Fig. 18 is a diagrammatic representation showing a fifteenth embodiment of the linear continuous diffuse illuminator of the present invention;

Fig. 19 is a diagrammatic representation showing a sixteenth embodiment of the linear continuous diffuse illuminator of the present invention; and Fig. 20 is a diagrammatic representation showing the vision system, according to the present invention, used in combination with a sorting device.
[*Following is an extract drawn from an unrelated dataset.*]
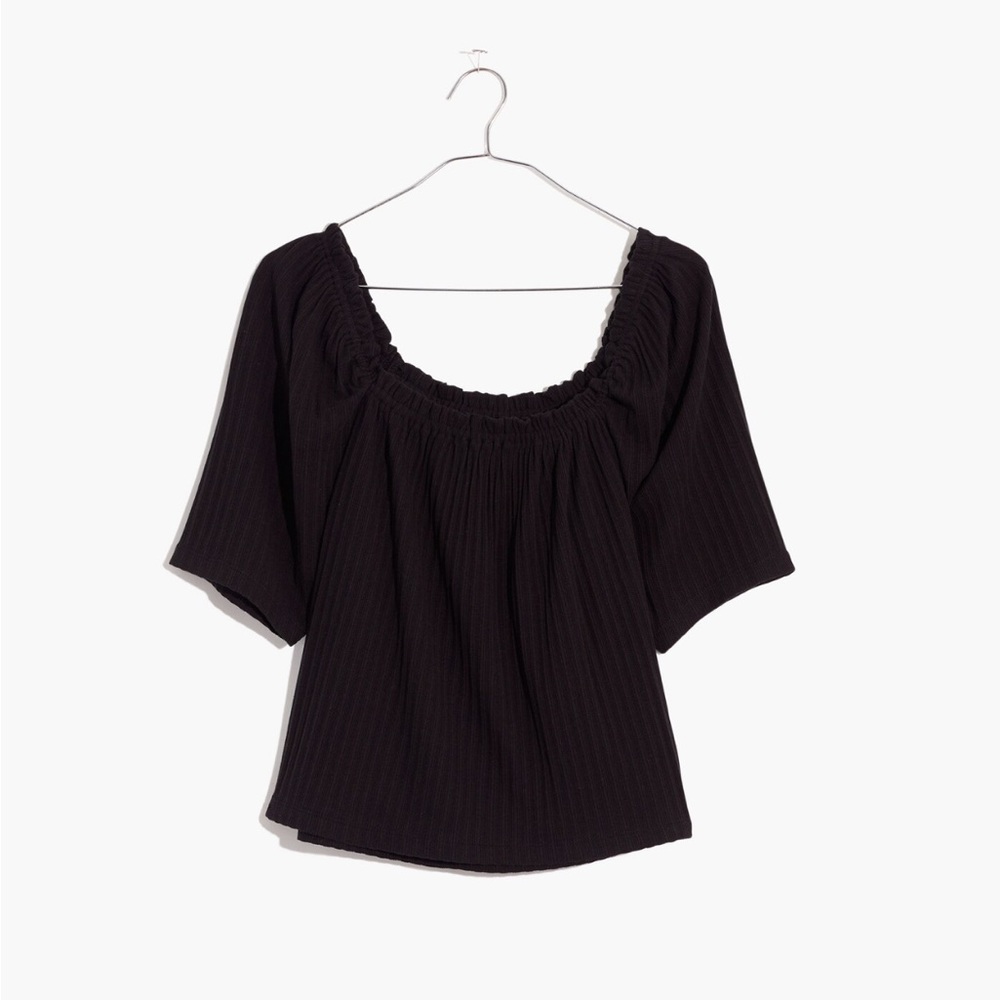 Madewell Knit Pointelle Peasant Top L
DESCRIPTION OF THE INVENTION

A first embodiment of the inventive concept of the present invention is shown in Fig. 1. In that Figure, an elongate primary illuminator 10 comprises a pair of elongate primary light sources 21 and a pair of elongate primary diffusers 23 each disposed at an acute angle relative to the surface of the object O being imaged, as seen in Fig. 2, to provide primary diffuse off-axis illumination of a linear portion or zone 27 of the surface of the object O being imaged. The elongate primary illuminator 10 has an inspection window 25 formed therein that is elongate to provide vision access along an inspection plane P of the linear portion or zone 27 of the object 0 being imaged by the camera 12.

The elongate light projector 14 also comprises a secondary elongate light source 34, an elongate translucent secondary diffuser 32, an elongate beam splitter 26, and an elongate light absorption panel 38. An elongate linear light projector 14 effectively "fills" the elongate "hole" in the linear primary diffuse light source created by the inspection window 25 with the secondary diffused light supplied along the inspection plane P. The illumination characteristics of the light sources can be adjusted, via rheostats 40, such that the secondary diffuse light source is substantially equal in intensity and character to that provided by the primary diffuse light source. By this arrangement, the inspection window is filled with diffused light and masked by the light projector. The light sources 21, 34 may consist of an elongate array of lamps, diodes, LEDs or optical fibers, or a single elongate florescent, incandescent, or electroluminescent lamp capable of generating relatively uniform light which is cast upon the secondary diffuser 32. The intensity of each of the light sources 21, 34 can be controlled using separate rheostats 40 or other suitable control devices. By adjusting the intensity of the light sources 21, 34 until the intensity of the light projected by the light projector through the inspection window is substantially the same as the intensity and character of the diffused primary light source, the inspection window is completely masked. Lastly, when the illumination sources employ laser diodes or light emitting diodes, the relative integrated intensity of the sources, such as 21 and 34 of Fig. 2, may be adjusted by pulsing the sources with differing "on" times.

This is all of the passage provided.